Il fallimento dell'Aspire Academy

Alla vigilia del Mondiale si è scritto molto su questo centro d’eccellenza, stabilito per decreto dall’emiro Al-Thani nel 2004, costato quasi un miliardo e mezzo di dollari e chiave della strategia del Qatar per produrre una nazionale di livello mondiale. All’interno del mirabolante Aspire Dome le tecniche più sofisticate ed i migliori esperti avrebbero prodotto in laboratorio una rosa di giocatori capaci di sorprendere molte delle grandi nel mondiale invernale. Questa impresa mastodontica non ha badato a spese, comprandosi due squadre europee, il Cultural Leonesa in Spagna e l’Eupen in Belgio, collabora con club di tradizione come il Leeds United ed ha ingaggiato tecnici di assoluto livello. La missione viene spiegata brevemente da uno di questi tecnici, l’italiano Valter Di Salvo: “Aspire è un’accademia della Nazionale, un vero college per i migliori giovani qatarioti, che studiano e si allenano, giocando nei club nel fine settimana. Così è cresciuta una generazione di giocatori, diventando una squadra competitiva”. All’inizio la formula sembrava aver funzionato, portando al Qatar i primi due titoli della sua breve e piuttosto anonima storia calcistica, il campionato asiatico under 19 nel 2014 e, cinque anni dopo, la prima Coppa d’Asia. Eppure, col tempo, qualcosa sembra essere andato storto. Se nell’atletica alla stella dell’alto Barshim si sono affiancati altri atleti di livello, dal giocatore di squash Al-Tamimi al martellista El Seify, primo nella storia a vincere due mondiali giovanili di fila, la fabbrica dei talenti del calcio sembra aver fallito su tutta la linea.

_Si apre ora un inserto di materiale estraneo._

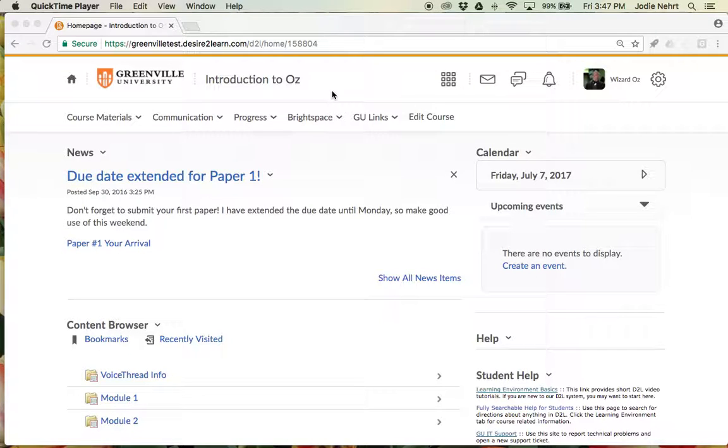Okay, and the final new update that I want to show you has to do with the quiz tool and it's about writing questions in the quiz tool.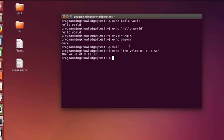So in this way you can declare a variable and echo its value using echo. These two things are really important whenever you are using scripting, and that we will see in the next video.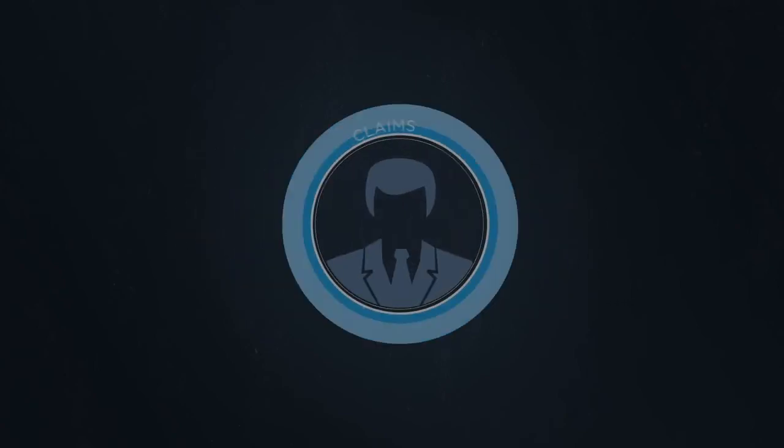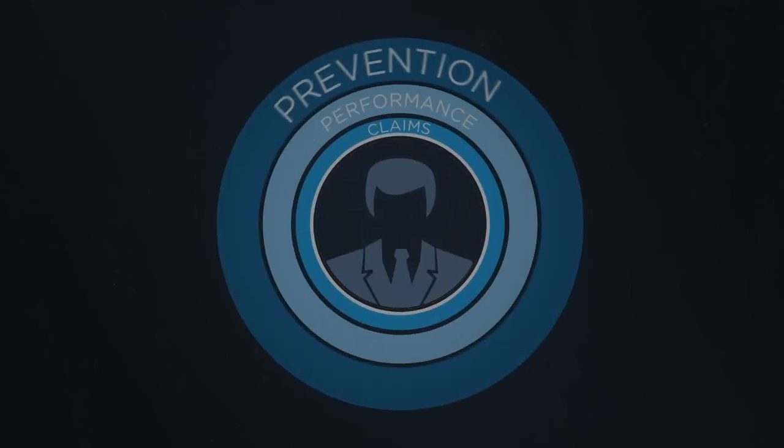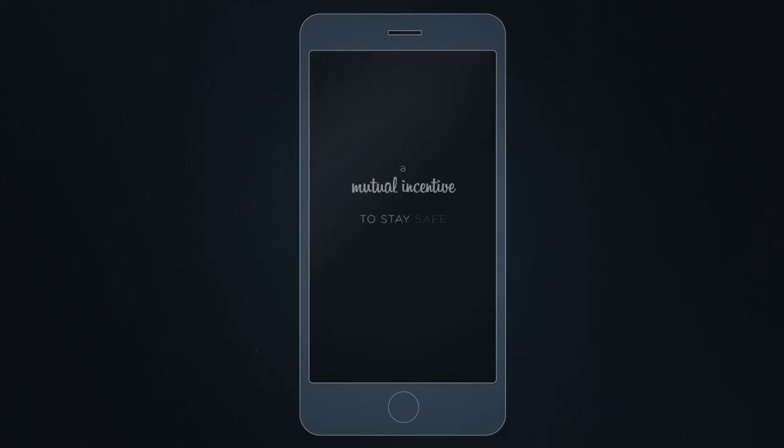What if you and your new friends had more control over how claims are decided? What if all of that was collected in one simple, easy tool built for the 21st century? You'd actually have a mutual incentive to stay safe and keep costs down.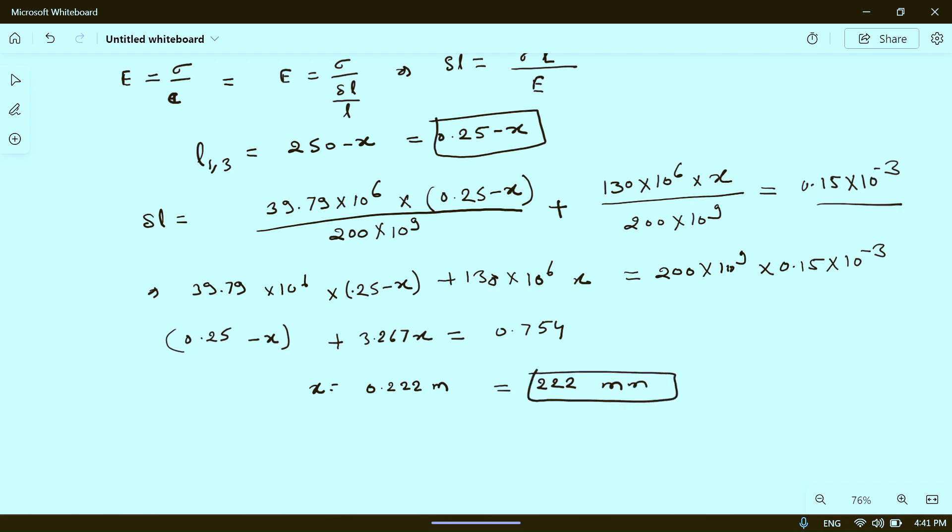So 222 mm is the length of the middle portion. I hope you understood how to calculate this value. If you have any doubt, please ask in the comment section. Thanks for watching.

Vista aerea Aspire Academy Wikiwand
Vista aerea della Aspire Academy di Doha - Fonte: Wikiwand

Il flop dei naturalizzati

Come mai quel “vestito cucito e ricamato su misura per il Mondiale”, per il quale si era lavorato ed investito così tanto nell’avvicinamento si è rivelato così poco competitivo? Che Al-Annabi, la nazionale qatariota, non si sia ricoperta di gloria è evidente, ma forse questo flop può insegnarci qualcosa. A far inorridire la maggioranza degli amanti del calcio di una volta, il fatto che di qatarioti veri e propri in rosa ce ne fossero solo sette: gli altri sono tutti o naturalizzati o arrivati a Doha molto giovani, talvolta da bambini. L’attaccante Almoez Ali, nonostante il nome arabo, è arrivato dal Sudan a sette anni, per entrare cinque anni dopo nella famosa Academy. Dopo anni di formazione intensiva è stato girato prima all’Eupen poi alla Leonesa, per poi tornare a giocare nel campionato qatariota. Visto che gli abitanti dell’emirato sono pochissimi e la cultura calcistica quasi inesistente, grazie allo scouting in Africa, Asia e Sud America, si è importato un buon numero di giovanissimi talenti da naturalizzare in fretta e furia per farli figurare come “homegrown”, formati in casa e quindi schierabili nella nazionale. Eppure la rosa a disposizione di Felix Sanchez Bas, ex allenatore delle giovanili del Barcellona, nonostante abbia avuto tre mesi per prepararsi al mondiale, si è dimostrata davvero poca cosa.

Il calcio (forse) è davvero diverso

Il parallelo che viene naturale è quello con l’altro, ancora più colossale, investimento della famiglia reale del Qatar nel mondo del calcio, il Paris Saint-Germain. Anche qui, negli anni passati dall’acquisto dei Rouge-et-Bleu, è arrivata una montagna di soldi; parte investiti nella creazione di infrastrutture, di un’ottima academy ma che hanno finanziato campagne acquisti che hanno cambiato per sempre gli equilibri del calcio europeo. Eppure, come nel caso dell’undici sceso in campo al Mondiale, i successi non sono arrivati. Le rose faraoniche affidate a tecnici di grido, da Ancelotti ad Emery, Tuchel e Pochettino, hanno tutte fallito a livello europeo, collezionando solo una serie di dolorose eliminazioni. Sulla carta queste formazioni sembravano prese dai sogni proibiti di un malato di Football Manager, gruppi incredibilmente talentuosi, apparentemente imbattibili. Eppure, alla prova dei fatti, queste collezioni di figurine si squagliavano sul più bello, senza mai riuscire ad alzare al cielo il sogno proibito della famiglia Al-Thani, la coppa dalle grandi orecchie. Cosa c’entrano con la nazionale qatariota, che avrebbe certo avuto bisogno di qualche giocatore di livello in più? La logica è la stessa: concentrarsi solo su caratteristiche oggettive, quantificabili, ignorando l’aspetto psicologico, quella cosa fondamentale e difficilmente descrivibile chiamata amalgama.

Se il Psg ha comprato giocatori guardando solo al cartellino del prezzo, senza pensare a come avrebbero giocato insieme o se sarebbero andati d’accordo nello spogliatoio, il Qatar ha raccolto dove capitava giovani di talento, atleticamente capaci, ma del tutto privi di quell’orgoglio e di quella passione che si prova nel vestire la maglia del proprio paese. Chiamatemi un inguaribile romantico ma credo ancora che cose come queste facciano tutta la differenza del mondo. Ecco come il Milan di Pioli, oggettivamente meno forte di altre compagini, è riuscito a conquistare l’ultimo scudetto. Il calcio è bello anche perché non tutto è scritto e certe caratteristiche imponderabili lo rendono imprevedibile. Non sempre chi ha più soldi, talento ed organizzazione vince.

Servono, ovviamente, ma ti portano ad un passo dal trionfo. Per l’ultimo balzo, quello più difficile, serve altro, serve il cuore. E quello non lo compri al mercato, nemmeno con una montagna di petrodollari.